Berdasarkan uraian tersebut, peneliti tertarik untuk menganalis pemenuhan tugas yang dilakukan
PMO terhadap tingkat kepatuhan pengguna obat-obat pada pasien TBC paru anak di Unit
Pelaksana Teknis Dinas (UPTD) Rumah Sakit Umum Daerah (RSUD) Sultan Syarif Mohamad
Alkadrie Pontianak.
METODOLOGI PENELITIAN
Alat dan Bahan
Alat yang digunakan dalam penelitian ini adalah komputer dengan aplikasi Statistical
Products and Solution Service (SPSS) untuk analisis data, lembar pengumpulan data, alat tulis,
literatur terkait dengan penelitian dan kuesioner untuk PMO(40). Bahan yang digunakan dalam
penelitian ini adalah data rekam medik pasien TBC paru anak di UPTD RSUD Sultan Syarif
Mohamad Alkadrie Pontianak.
Rancangan Penelitian
Penelitian ini menggunakan metode observasional. Rancangan penelitian yang digunakan
adalah studi potong lintang (cross sectional) yang bersifat analitik. Pengumpulan data
menggunakan kuesioner untuk menilai peran PMO dan pengumpulan data secara retrospektif
melalui rekam medik TBC paru anak di UPTD RSUD Sultan Syarif Mohamad Alkadrie
Pontianak.
Kriteria Inklusi
Kriteria inklusi dalam penelitian ini adalah pasien yang terdiagnosis TBC paru anak dan
memiliki PMO, Pengisian kuesioner oleh PMO pasien TBC paru anak dengan usia di atas 18
tahun, dan Pasien TBC paru anak yang menjalani pengobatan paling sedikit 6 (enam) bulan.
Kriteria Eksklusi
Kriteria Eksklusi dalam penelitian ini adalah PMO dari pasien TBC paru anak yang tidak
bersedia menjadi responden dan Pasien dengan data rekam medik yang tidak lengkap.
Variabel Penelitian
Variabel dikelompokkan menjadi dua yaitu variabel independent (bebas) dan variabel
dependent (terikat). Variabel dependent (terikat) adalah variabel yang dipengaruhi oleh variabel
bebas. Variabel bebas dalam penelitian ini adalah peran PMO pada pasien TBC paru anak
.Variabel terikat dalam penelitian ini adalah kepatuhan pasien dalam berobat. Pasien patuh dalam
pengobatan jika datang berobat tepat waktu dan teratur selama 6 bulan.
Definisi Operasional
1. PMO adalah keluarga yang mendampingi pasien dalam menelan obat.
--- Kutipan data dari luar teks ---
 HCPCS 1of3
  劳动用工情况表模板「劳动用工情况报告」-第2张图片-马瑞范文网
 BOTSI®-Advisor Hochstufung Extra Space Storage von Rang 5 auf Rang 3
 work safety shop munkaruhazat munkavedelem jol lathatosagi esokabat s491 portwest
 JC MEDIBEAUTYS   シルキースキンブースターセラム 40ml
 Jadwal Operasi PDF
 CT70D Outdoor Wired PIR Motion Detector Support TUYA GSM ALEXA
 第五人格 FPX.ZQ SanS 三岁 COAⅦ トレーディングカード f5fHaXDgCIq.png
2. Peran PMO dalam mengawasi menelan obat yang diukur melalui kuesioner.
3. Indeks pengobatan adalah lama penggunaan obat yang dijalani pasien sedikitnya 6
(enam) bulan sebelum tanggal pemberian kuesioner.
4. Patuh adalah pasien menjalani pengobata sebesar 80%.
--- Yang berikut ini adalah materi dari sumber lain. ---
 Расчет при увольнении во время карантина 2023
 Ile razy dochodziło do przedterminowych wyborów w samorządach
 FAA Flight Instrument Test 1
5. Tidak patuh pasien menjalani pengobatan di bawah 80%.
6. Umur merupakan suatu angka yang menunjukkan lama waktu hidup seseorang.
Metode Pengumpulan Data
Pengambilan data dilakukan di bagian poliklinik anak UPTD RSUD Sultan Syarif Mohamad
Alkadrie Pontianak. Data yang diambil dari pengumpulan kuesioner PMO pasien TBC paru anak
di UPTD RSUD Sultan Syarif Mohamad Alkadrie Pontianak.
Analisis Data
Analisis data akan disajikan dalam bentuk tabel dan uraian dengan analisis univariat dan
analisis bivariat sebagai berikut:
Analisis Univariat
Teknik analisis data univariat yang bertujuan untuk mengetahui dan menjelaskan
karakteristik dari variabel-variabel yang ada sesuai dengan tujuan penelitian. (42)
Analisis Bivariat
Teknik analisis data bivariat bertujuan untuk mengetahui kemaknaan hubungan antara
variabel. Analisis digunakan untuk mengetahui hubungan peran PMO terhadap kepatuhan pasien
TBC paru anak di UPTD RSUD Sultan Syarif Mohamad Alkadrie Kota Pontianak. Analisis
bivariat dilakukan dengan menggunakan komputer dengan aplikasi Statistical Products and
Solution Service (SPSS) dan diananlisis menggunakan Khi-Kuadrat (Chi-Square).(15) Taraf
kepercayaan 95% dengan nilai p-value ≤ = 0,05 maka dapat dikatakan ada hubungan yang
bermakna dan apabila p-value > = 0,05 artinya tidak ada hubungan yang bermakna.(16,17)
HASIL DAN PEMBAHASAN
Data yang diperoleh berasal dari data kuesioner yang digunakan untuk melihat peran
PMO dari subyek yang memenuhi kriteria inklusi diperoleh jumlah subjek yang memenuhi
kriteria inklusi sebanyak 40 pasien.
A. Karakteristik Subyek Penelitian
Karakteristik PMO dari pasien TBC paru anak rawat jalan di UPTD RSUD Sultan Syarif
Mohamad Alkadrie Pontianak pada tahun 2018 pada penelitian ini meliputi umur, jenis kelamin,
jumlah pasien yang memiliki PMO dengan 1 anak dan 2 anak, lama penggunaan obat dan obat-
obat yang digunakan oleh pasien TBC paru anak. Adapun karakteristik subjek penelitian dapat
dilihat pada Tabel 1.Kelompok usia dewasa dengan jumlah PMO yang paling banyak yaitu 90%.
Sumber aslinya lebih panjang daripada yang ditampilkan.